> On April 21, 2015, 4:25 p.m., Jie Yu wrote:
> > src/slave/slave.cpp, lines 3065-3078
> > <https://reviews.apache.org/r/33249/diff/3/?file=938221#file938221line3065>
> >
> >     Instead of doing that in your way, can we just try to make sure 
> > `containerizer->wait` here will return a failure (or a Termination with 
> > some reason) when `containerizer->launch` fails. In that way, the 
> > `executorTerminated` will properly send status updates to the slave 
> >     
> >     Or am I missing something?
> Jie Yu wrote:
>     OK, I think I got confused by the ticket. There are actually two problems 
> here. The problem I am refering to is the fact that we don't send status 
> update to the scheduler if containerizer launch fails until executor 
> reregistration timeout happens. Since for docker containerizer, someone might 
> use a very large timeout value, ideally, the slave should send a status 
> update to the scheduler right after containerizer launch fails.
>     After chat with Jay, the problem you guys are refering to is the fact 
> that the scheduler cannot disinguish between the case where the task has 
> failed vs. the case where the configuration of a task is not correct, because 
> in both cases, the scheduler will receive a TASK_FAILED/TASK_LOST.
> Jie Yu wrote:
>     To address the first problem, I think the simplest way is to add a 
> containerizer->destroy(..) in executorLaunched when containerizer->launch 
> fails. In that way, it's going to trigger containerizer->wait and thus send 
> status update to the scheduler.
> Jie Yu wrote:
>     Regarding the second problem, IMO, we should include a reason field in 
> Termination (https://issues.apache.org/jira/browse/MESOS-2035) and let 
> sendExecutorTerminatedStatusUpdate to propagate the termination reason to the 
> scheduler.
> Timothy Chen wrote:
>     Reason field sounds good, I think what you proposed makes sense, in 
> docker containerizer at least we also need to make sure termination message 
> is set correctly as currently it doesn't contain all the error information 
> that we pass back to the launch future.
> Jay Buffington wrote:
>     Sorry for the confusion.   There are three problems that are all related. 
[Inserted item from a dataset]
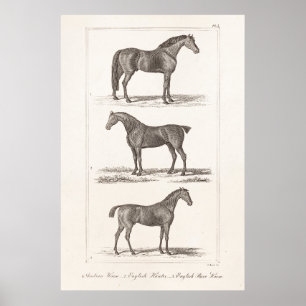 Poster Course Arabe de chasseur de 1800s races vintages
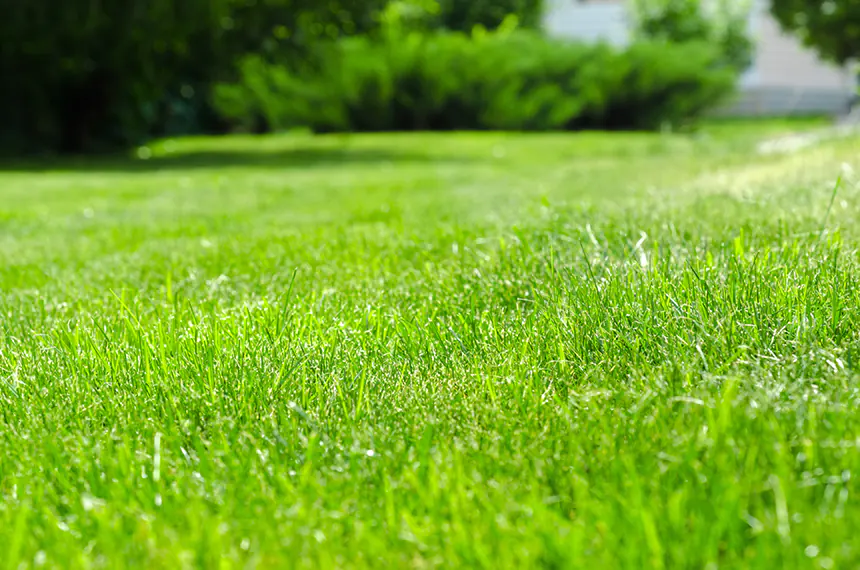 benefits owning lawn mowing franchise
>  Yes, we need to send statusUpdates as soon as containerizer launch fails and 
> yes, we need to set the reason so the scheduler can distinguish a slave 
> failure from a bad request.  However, my intention with this patch is not to 
> address either of those two problems.
>     My goal with this patch is to simply send the containerizer launch 
> failure message back to the scheduler.  I am using Aurora with the docker 
> containerizer.  There are a myriad of reasons that dockerd could fail to 
> "docker run" a container.  Currently, when that fails the user sees a useless 
> and incorrect "Abnormal Executor Termination" message in the Aurora web ui.  
> With this patch they see the stderr output of "docker run."  This way they 
> can report meaningful error messages to the operations team.
>     I can update this patch to address the other two issues, but the key is 
> that when the containerizer launch fails we have to send a statusUpdate with 
> a message that contains future.failure().  Before this patch we were only 
> logging it.  The scheduler needs to get that error message.
> Jie Yu wrote:
>     Thanks for clarifying it, Jay! In fact, my proposal above should be able 
> to solve the third problem cleanly. Check out 
> `Slave::sendExecutorTerminatedStatusUpdate`. The containerizer should 
> properly set the message and reason fields in the Termination protobuf 
> (basically why the container gets terminated and what's the error message). 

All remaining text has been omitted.